Pasturing a Horse

Pasturing a horse year round offers easy maintenance and is low-cost compared to stabling a horse. However this does not mean you can leave your horse in a field and forget about him. A horse that lives outdoors most of its days can turn a suitable field into an unsuitable eye-sore if left alone to graze. To maintain the quality of grazing and to offer your horse a suitable field you will need to maintain the field for your horse. Good field maintenance is important to your horse’s health.

In order to maintain the quality of grazing for your horse, field rotation is best. A horse requires a minimum of 1 acre (0.4 hectares) for grazing. Dividing the area into separate fields will enable you to rotate the grazing. Horses graze selectively, so a field left unmanaged will result in areas grazed right down and other areas that the horse has left untouched will become overgrown with weeds.
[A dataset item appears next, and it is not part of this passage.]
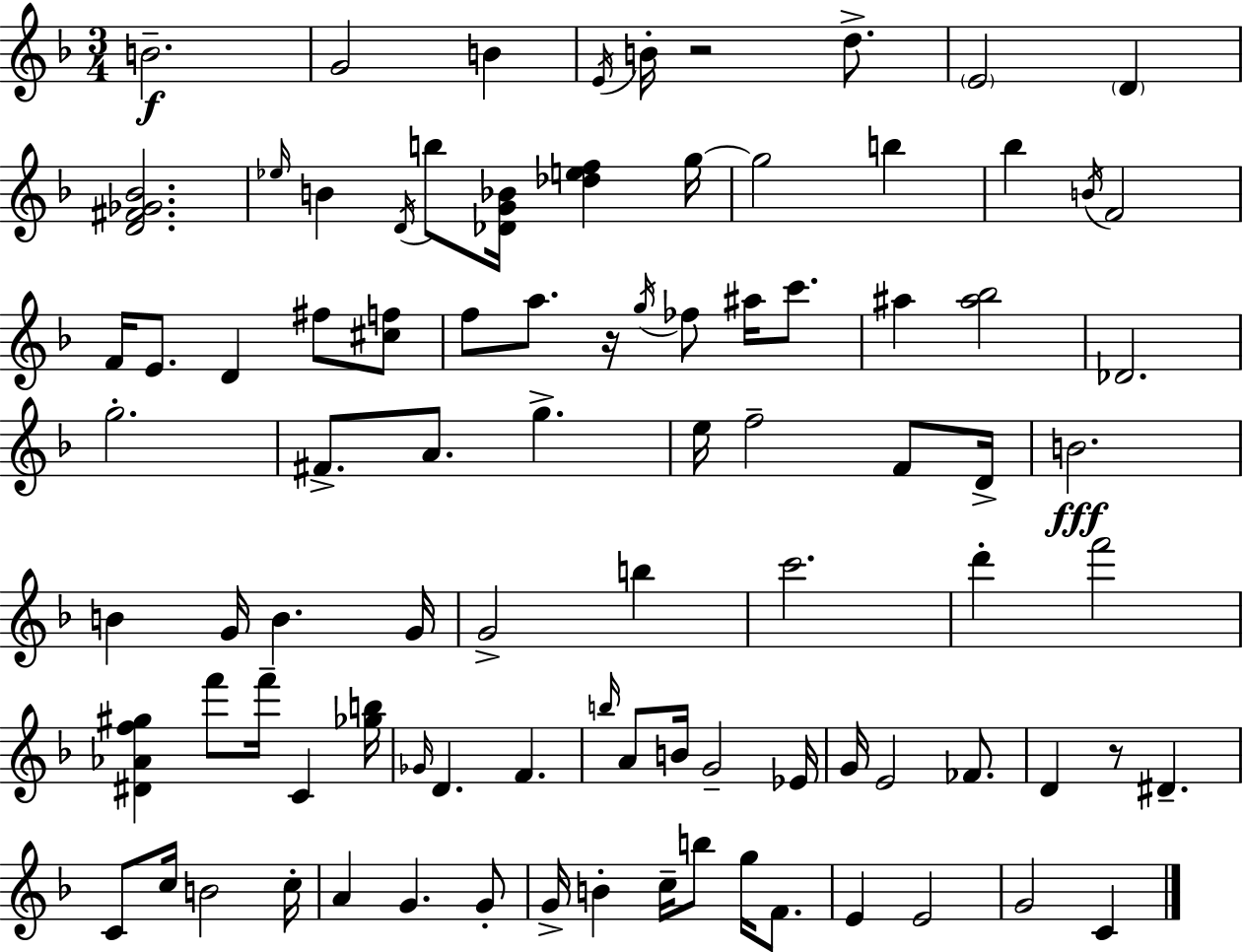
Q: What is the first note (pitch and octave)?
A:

Requirements for a suitable field:

o Fences should have rounded corners to prevent injury

o Supply fresh drinking water

o Fence off any poisonous trees

o The grass should be weed free and of equal height

o The field should not be too steep

o The field should offer shelter and security

o The field needs to drain well, particularly at the water trough and gate

o Avoid low lying areas as these tend to get muddy in winter

o An access road must be accessible in all weather conditions

o Position the shed with safety in mind

o Remove droppings from the field weekly

o Pasture is free of trash and foreign objects

o Check fencing and gates often and do any repairs if you note anything that needs mending.

Proper field maintenance will prevent your horse from escaping and straying or injuring itself. Select your hardware with your horses health and care in mind, such as when selecting the type of fencing for your field. Barbed wire is fine for sheep or cattle, but your horse is more than likely to sustain an injury as horses have fine skin.